Drehen bei und warten auf den neuen Tag.
Endlich wird es hell und wir können in die grosse Bucht einlaufen.
Nur sehr wenige Ankerlieger sind dort und wir finden schnell einen Platz.
Fallen Anker und 60 mtr. Kette rauschen aus, starker Schwell und oft böige Winde benötigen eine lange Kette.
Erst eimal ausschlafen und heute ist erst noch Sonntag.
Will heissen, die Behörden haben geschlossen. Einklariert wird erst morgen, der Sonntag ist heilig.
In der Policia Maritima und Policia Fronteira werden Visas
erstellt und Pässe gestempelt. Allerdings sehr entspannt, entgegen unseren Befürchtungen.
Mit Sao Vicente muss man sich erst anfreunden, ist Schwarz -Afrika, doch stark portugiesisch geprägt, mein erster Eindruck.
Wir gehen auf Entdeckungstour. Die Strassen rauf und runter, links und und rechts.

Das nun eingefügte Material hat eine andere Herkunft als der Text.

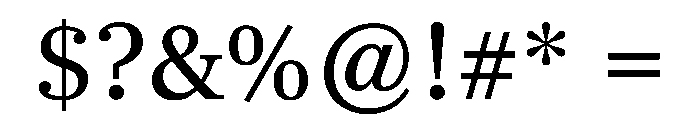 Richmond Text Font OTHER CHARS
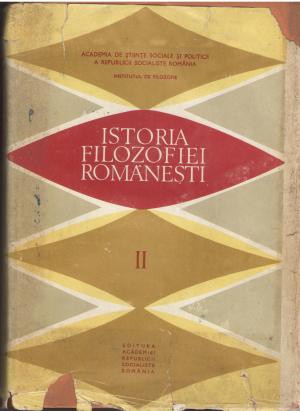 ISTORIA FILOZOFIEI ROMANESTI VOLUMUL II 1900-1944 PARTEA I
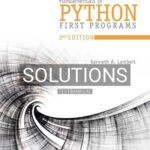 Solutions for Fundamentals of Python First Programs 2nd Edition by Lambert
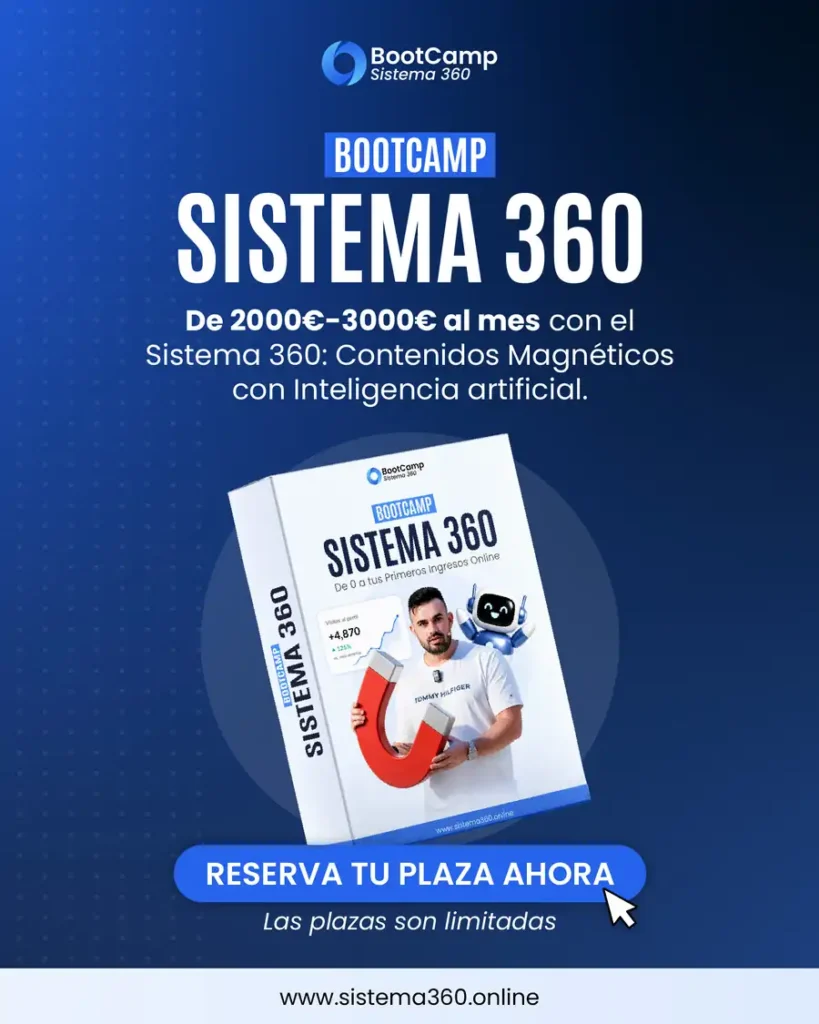 Sistema 360 y Partner 360 con modelo de afiliación y contenidos magnéticos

Spannend wird es aber erst am späteren Nachmittag, wenn die Strassenhändler erscheinen, hier haben die Frauen das Sagen.


Die Männer spielen Karten oder ein Würfelspiel, hängen rum!


Unser erster Ausflug mit dem Sammeltaxi, genannt „Aluguer.
Mini Busse mit sozialem Charakter. Haben feste Preise, jeder Bus hat seine Route, aber keinen Fahrplan.

Fahren ab, wenn ein paar Leute im Busse sitzen. Unterwegs werden alle mitgenommen, die den Busse stoppen.
In der Regel haben 12 Personen Platz, es können aber auch 20 werden.
Dann muss zusammen rücken, Haut nah.

 

 

 

Mütter steigen mit ihren Einkäufen dazu, die brauchen Platz.Dann werden Kleinkinder nach hinter weitergereicht.Plötzlich hatte ich so einen Burschen in den Armen. Total erkältet, mit Schnuddernase und todmüde. Seine Kekse aber krampfhaft festhaltend, man weiss ja nie. Dass mit der Nase war schnell geregelt, die Nachbarin mit einem Tuch hat es erledigt.Der Bus fährt weiter, über Schlaglöcher und Kopfsteinpflaster.Die Bandscheiben sind in Gefahr.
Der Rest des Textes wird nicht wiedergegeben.